Start of Given data
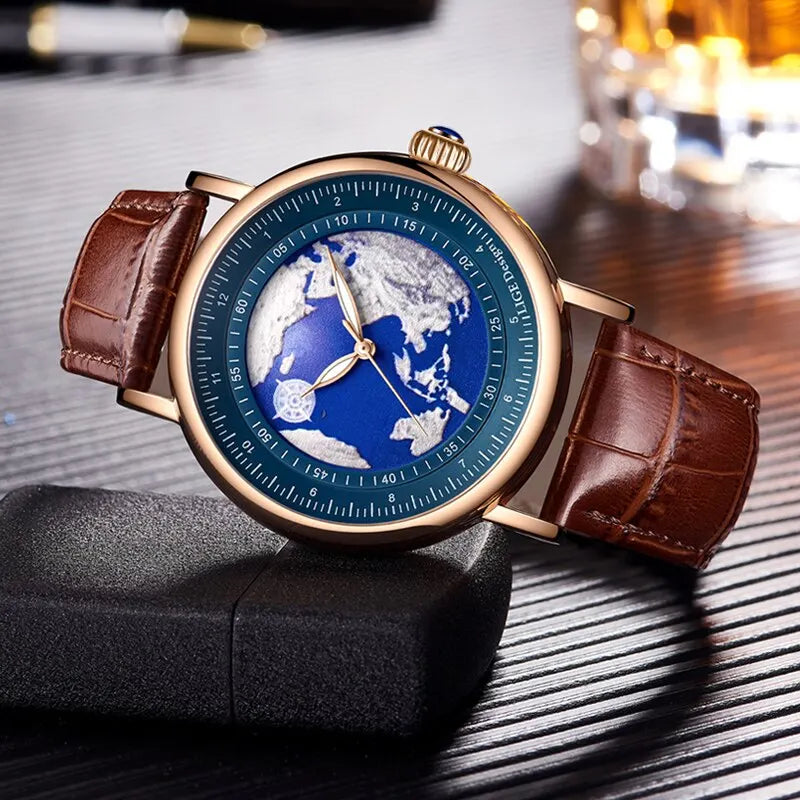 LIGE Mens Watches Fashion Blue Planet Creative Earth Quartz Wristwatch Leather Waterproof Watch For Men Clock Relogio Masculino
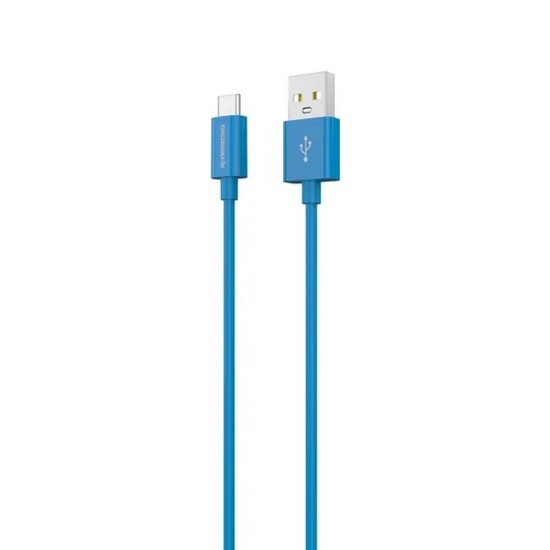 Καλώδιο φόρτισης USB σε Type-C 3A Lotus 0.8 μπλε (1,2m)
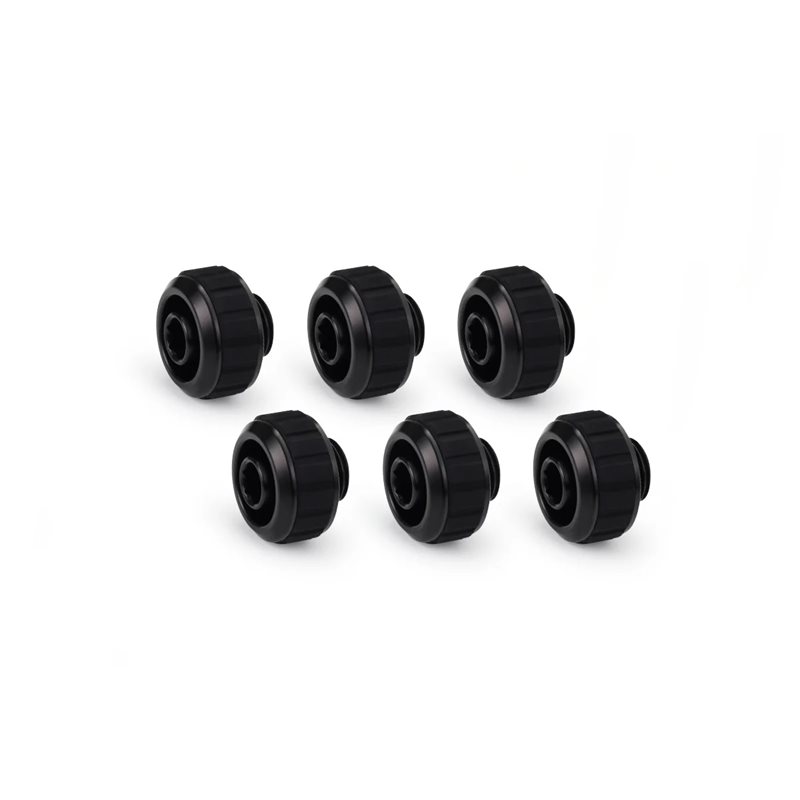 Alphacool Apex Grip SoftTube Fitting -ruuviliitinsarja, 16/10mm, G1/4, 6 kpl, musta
End of Given data
Start of Given data
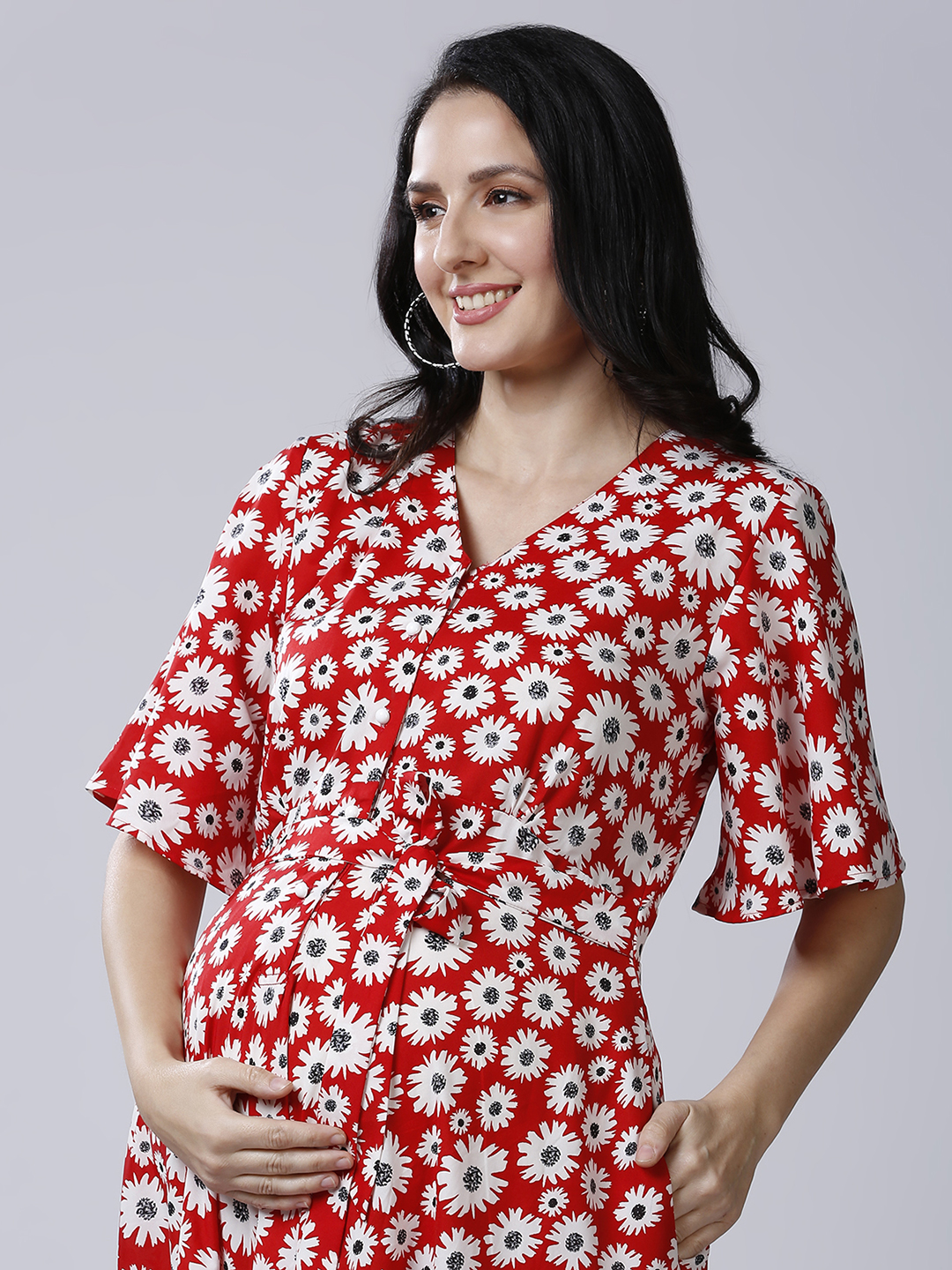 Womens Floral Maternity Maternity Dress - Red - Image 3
End of Given data
Exercise requirements » Copy only this from above: the line containing "Καλώδιο φόρτισης USB", the line containing "Alphacool Apex Grip", and all lines between, printed exactly. Leave out the pictures.

Result for this exercise »
 Καλώδιο φόρτισης USB σε Type-C 3A Lotus 0.8 μπλε (1,2m)
 Alphacool Apex Grip SoftTube Fitting -ruuviliitinsarja, 16/10mm, G1/4, 6 kpl, musta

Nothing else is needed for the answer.